I am hoping the sunny, beautiful weather that we’ve been having in London for the past few days is a sign that this summer will be a brilliant one. For me, one of the highlight events of the summer is the food festival, the Taste of London. It surely is one of the best foodie events that London has to offer, what with some of this city’s top restaurants setting up camp at Regent’s Park so that we can taste our way through each one. The first time I went was in 2005, and that day was one of the hottest of the year. You couldn’t have asked for anything better; food, booze, and lots of sunshine.

Taste of London 2009 is almost upon us again and tickets are on sale now. It’s on between 18 – 21 June at Regent’s Park, so put these dates in your diary. Here’s to a great summer.

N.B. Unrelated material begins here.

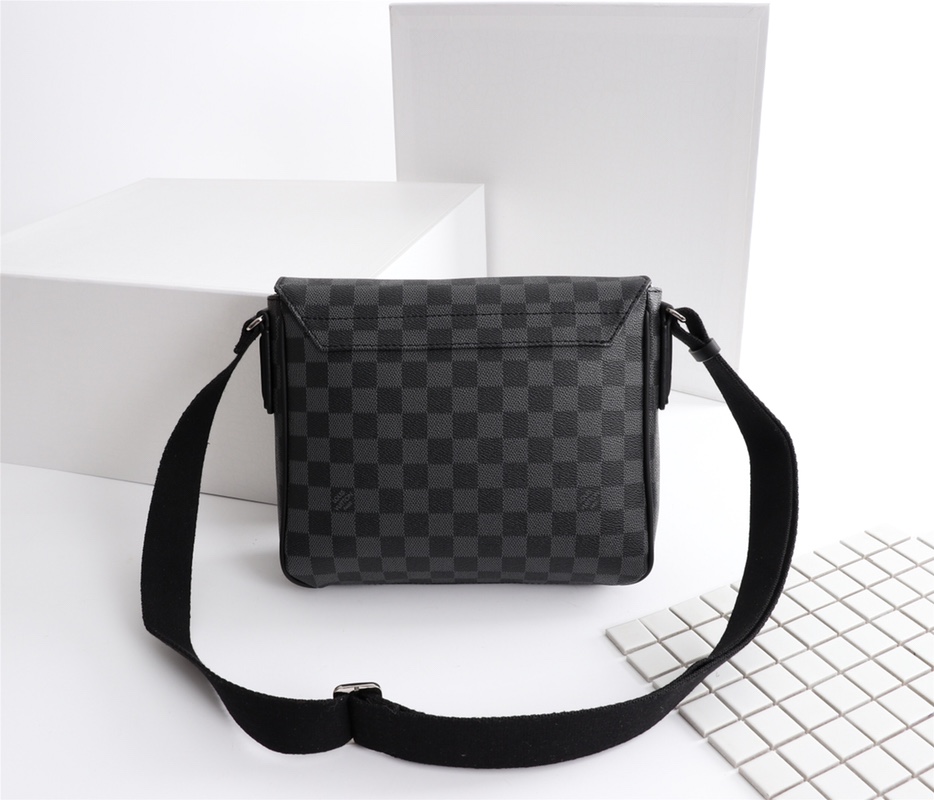 Louis Vuitton District PM N41213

Web: http://www.taste-of-london-2009/

A taste of the line-up *
Alain Ducasse at The Dorchester • Asia de Cuba • Benares • Boxwood Café • Bumpkin • Cinnamon Kitchen • Cocoon • Croque Gascon • Fino • Kai Mayfair • L’Anima • L’Atelier de Joel Robuchon • Launceston Place • Le Café Anglais • Le Gavroche • Le Pont de la Tour • Odette’s • Pied a Terre • Quo Vadis Refettorio • Rhodes Twenty Four • Salt Yard • Sumosan • Tamarind • The Grill at The Dorchester • The Landau • Theo Randall • Tom’s Kitchen

* From the 2009 Taste of London website. Correct as at 20 March 2009.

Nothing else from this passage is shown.